スプリントの中止
スプリントゴールがもはや役に立たなくなった場合、スプリントは中止されることになるだろう。プロダクトオーナーだけがスプリントを中止する権限を持つ。
2020年版のScrumGuideには上記のように記載されています。
ここではどんな場合にスプリントの中止が起きるのか?とスプリントの中止が起きた際にどのような活動をすると良いのか?を書いてみます。 スプリントが中止される理由
いくつかの事例を書いてみます。
1:競合が先にそれを実現した
スプリントゴールに「ある体験ができる機能を競合より先に市場に出すこと」が大切な内容として含まれていました。しかし、スプリント途中で競合が先にその機能をリリースしたことが判明し、そのスプリントゴールの価値の大半が失われたため、スプリントを中止しました。 2:連動した広告キャンペーンの開始時期が変わった
スプリントゴールに「特定の広告キャンペーン開始に合わせた顧客体験を提供すること」が含まれていました。そのためチームはキャンペーン開始に合わせた機能に取り組んでいましたが、契約条件など諸事情により(少なくとも)そのスプリントのすぐ後に広告キャンペーンが開始されることはなくなりました(いわゆる延期)。このため、スプリントゴールを到達地点としたスプリントとしては意味がなくなったのでスプリントを中止しました。
3:技術的に実現不可能性であることがわかった
スプリントゴールを実現するためにあるサービスと連携することが必要だったのですが、それが想定通りに動かないことがわかりました。代替案も検討しましたが、それでは当初期待するスプリントゴールに到達することができないことがわかり、スプリントの中止を決定しました。
このように、スプリントゴールが役に立たないと分かったとき、スプリントが中止されることがあります。
スプリントが中止した際に行うこと
スプリントの中止を決めた場合に以下のようなことを行うこともあります。
1: ステークホルダーへの説明
スプリントの中止の理由にもよりますが、ステークホルダーが知らないのであれば中止の理由や背景を説明します。こうすることでステークホルダーの驚きも少なくなります。
別のステークホルダーから提供された情報でスプリントを中止することもあります。このような場合でも他のステークホルダーと会話しておくと良いでしょう。
2:チームのケア
スプリントの中止は、チームメンバーがストレスを感じることもあります。「ここまでやったのに無駄になった」と感じたり、その後の急激な変化や計画変更に伴うバタバタした状態に対してストレスを感じることもあるでしょう。

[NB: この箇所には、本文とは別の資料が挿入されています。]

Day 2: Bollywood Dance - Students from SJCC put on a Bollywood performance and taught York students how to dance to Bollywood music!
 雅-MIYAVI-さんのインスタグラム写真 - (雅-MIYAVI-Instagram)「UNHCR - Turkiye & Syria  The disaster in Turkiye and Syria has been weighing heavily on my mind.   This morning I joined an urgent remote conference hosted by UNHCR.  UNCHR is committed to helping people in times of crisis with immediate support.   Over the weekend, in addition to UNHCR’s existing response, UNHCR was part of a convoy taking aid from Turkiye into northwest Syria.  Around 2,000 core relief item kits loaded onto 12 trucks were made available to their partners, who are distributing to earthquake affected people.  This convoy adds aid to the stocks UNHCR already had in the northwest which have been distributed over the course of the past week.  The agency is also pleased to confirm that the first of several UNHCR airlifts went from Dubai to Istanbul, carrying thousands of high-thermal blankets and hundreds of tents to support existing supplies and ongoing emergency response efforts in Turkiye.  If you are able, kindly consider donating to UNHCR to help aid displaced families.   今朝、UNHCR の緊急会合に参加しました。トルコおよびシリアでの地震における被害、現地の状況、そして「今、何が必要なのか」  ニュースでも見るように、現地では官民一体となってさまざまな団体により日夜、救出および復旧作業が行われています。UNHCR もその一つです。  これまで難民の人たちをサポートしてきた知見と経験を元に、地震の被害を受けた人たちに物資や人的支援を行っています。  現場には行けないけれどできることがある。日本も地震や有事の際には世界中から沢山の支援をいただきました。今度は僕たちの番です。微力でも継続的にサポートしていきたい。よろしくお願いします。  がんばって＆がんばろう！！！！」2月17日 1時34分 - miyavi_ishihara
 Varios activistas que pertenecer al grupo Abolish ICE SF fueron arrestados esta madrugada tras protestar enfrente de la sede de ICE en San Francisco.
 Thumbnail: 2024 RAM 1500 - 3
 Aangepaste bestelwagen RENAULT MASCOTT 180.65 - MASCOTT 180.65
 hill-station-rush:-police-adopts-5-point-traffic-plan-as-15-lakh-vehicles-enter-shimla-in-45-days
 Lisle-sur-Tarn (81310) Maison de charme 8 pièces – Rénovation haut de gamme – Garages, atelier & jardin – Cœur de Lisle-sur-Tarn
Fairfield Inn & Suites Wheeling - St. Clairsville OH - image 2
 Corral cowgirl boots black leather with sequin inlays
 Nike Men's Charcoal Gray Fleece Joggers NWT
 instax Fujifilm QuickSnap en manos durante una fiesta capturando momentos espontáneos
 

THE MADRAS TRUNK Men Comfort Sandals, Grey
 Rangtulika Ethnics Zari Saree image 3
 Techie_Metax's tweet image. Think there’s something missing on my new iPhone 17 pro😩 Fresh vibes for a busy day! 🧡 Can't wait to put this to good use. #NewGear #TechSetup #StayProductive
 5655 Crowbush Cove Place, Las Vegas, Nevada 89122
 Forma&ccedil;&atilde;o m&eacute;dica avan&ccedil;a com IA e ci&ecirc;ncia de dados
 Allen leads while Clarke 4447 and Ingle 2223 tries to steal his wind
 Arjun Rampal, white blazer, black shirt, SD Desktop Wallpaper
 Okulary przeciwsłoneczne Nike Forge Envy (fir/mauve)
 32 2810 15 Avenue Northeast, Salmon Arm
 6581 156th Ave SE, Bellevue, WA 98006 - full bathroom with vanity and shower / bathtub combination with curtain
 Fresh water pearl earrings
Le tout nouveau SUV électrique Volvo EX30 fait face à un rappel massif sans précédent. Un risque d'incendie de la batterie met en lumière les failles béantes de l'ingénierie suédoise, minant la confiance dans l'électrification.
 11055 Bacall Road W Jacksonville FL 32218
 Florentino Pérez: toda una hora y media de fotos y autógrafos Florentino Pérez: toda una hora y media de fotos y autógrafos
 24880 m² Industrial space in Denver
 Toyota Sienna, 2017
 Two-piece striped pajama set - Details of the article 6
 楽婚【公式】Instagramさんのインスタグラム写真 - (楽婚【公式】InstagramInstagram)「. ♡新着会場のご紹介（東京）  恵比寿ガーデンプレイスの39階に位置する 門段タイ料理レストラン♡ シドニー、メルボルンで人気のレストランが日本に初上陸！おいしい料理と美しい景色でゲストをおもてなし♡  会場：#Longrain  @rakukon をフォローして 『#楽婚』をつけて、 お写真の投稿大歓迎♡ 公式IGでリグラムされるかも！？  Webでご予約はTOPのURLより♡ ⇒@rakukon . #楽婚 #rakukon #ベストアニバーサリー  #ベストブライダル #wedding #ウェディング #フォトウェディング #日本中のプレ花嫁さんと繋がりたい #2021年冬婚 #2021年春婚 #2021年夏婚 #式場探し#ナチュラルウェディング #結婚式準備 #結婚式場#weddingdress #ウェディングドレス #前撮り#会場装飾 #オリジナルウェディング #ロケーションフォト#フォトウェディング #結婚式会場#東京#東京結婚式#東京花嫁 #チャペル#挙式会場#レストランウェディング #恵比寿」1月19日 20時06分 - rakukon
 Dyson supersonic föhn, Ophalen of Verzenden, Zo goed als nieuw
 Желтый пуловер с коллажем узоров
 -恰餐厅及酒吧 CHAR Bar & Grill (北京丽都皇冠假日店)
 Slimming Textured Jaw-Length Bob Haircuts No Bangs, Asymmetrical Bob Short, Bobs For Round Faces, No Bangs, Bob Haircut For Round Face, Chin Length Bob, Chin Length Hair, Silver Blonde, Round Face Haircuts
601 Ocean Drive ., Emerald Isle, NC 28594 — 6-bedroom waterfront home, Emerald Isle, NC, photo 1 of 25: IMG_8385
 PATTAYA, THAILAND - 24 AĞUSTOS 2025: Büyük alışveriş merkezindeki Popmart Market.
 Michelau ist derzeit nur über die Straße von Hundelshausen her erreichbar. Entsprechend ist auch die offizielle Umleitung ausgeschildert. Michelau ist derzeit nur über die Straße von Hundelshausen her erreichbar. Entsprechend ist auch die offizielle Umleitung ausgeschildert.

このようなときは、チームの活動をゆっくりにしたり歩みを止めて、会話の時間を取ったり、やったことをふりかえったりします。このような活動によって、自分たちがなにを得たのか?といったことを発見する機会にもなります。
3:次のスプリントの準備
スプリントの中止の次のスプリントをどのように始めるとよいでしょうか。例えば、1週間スプリントの4日目のデイリースクラムでスプリントが中止した場合を考えてみます。残りの2日を(必要であれば)次以降のスプリントの計画づくりやリファインメントをしてもいいでしょう。また、少し疲れいているようならリフレッシュするために使ってもいいでしょうし、本当はやりたかった技術的な課題やちょっとした修正などをこの機会に取り組んでみるのも1つです。
このように、スプリントの開始日(曜日)を変えずにまた次のスプリントをいつも通りに開始することをオススメします。
スプリントの中止の頻度と検討事項
スプリント中止がどれくらいの頻度で発生するかは、プロダクトの状況になどによります。
たとえば、まだプロダクトの形や狙いが定まっていなかったする場合は発生しやすくなるかもしれません。しかし、2,3スプリントごとにスプリントの中止が起きているような場合、スプリントゴールを立てる時に必要な情報が足りていない可能性もあります。これは、チームがステークホルダーなどチームの外から情報をより集める必要性やプロダクトの計画づくりのやり方を見直す合図かもしれません。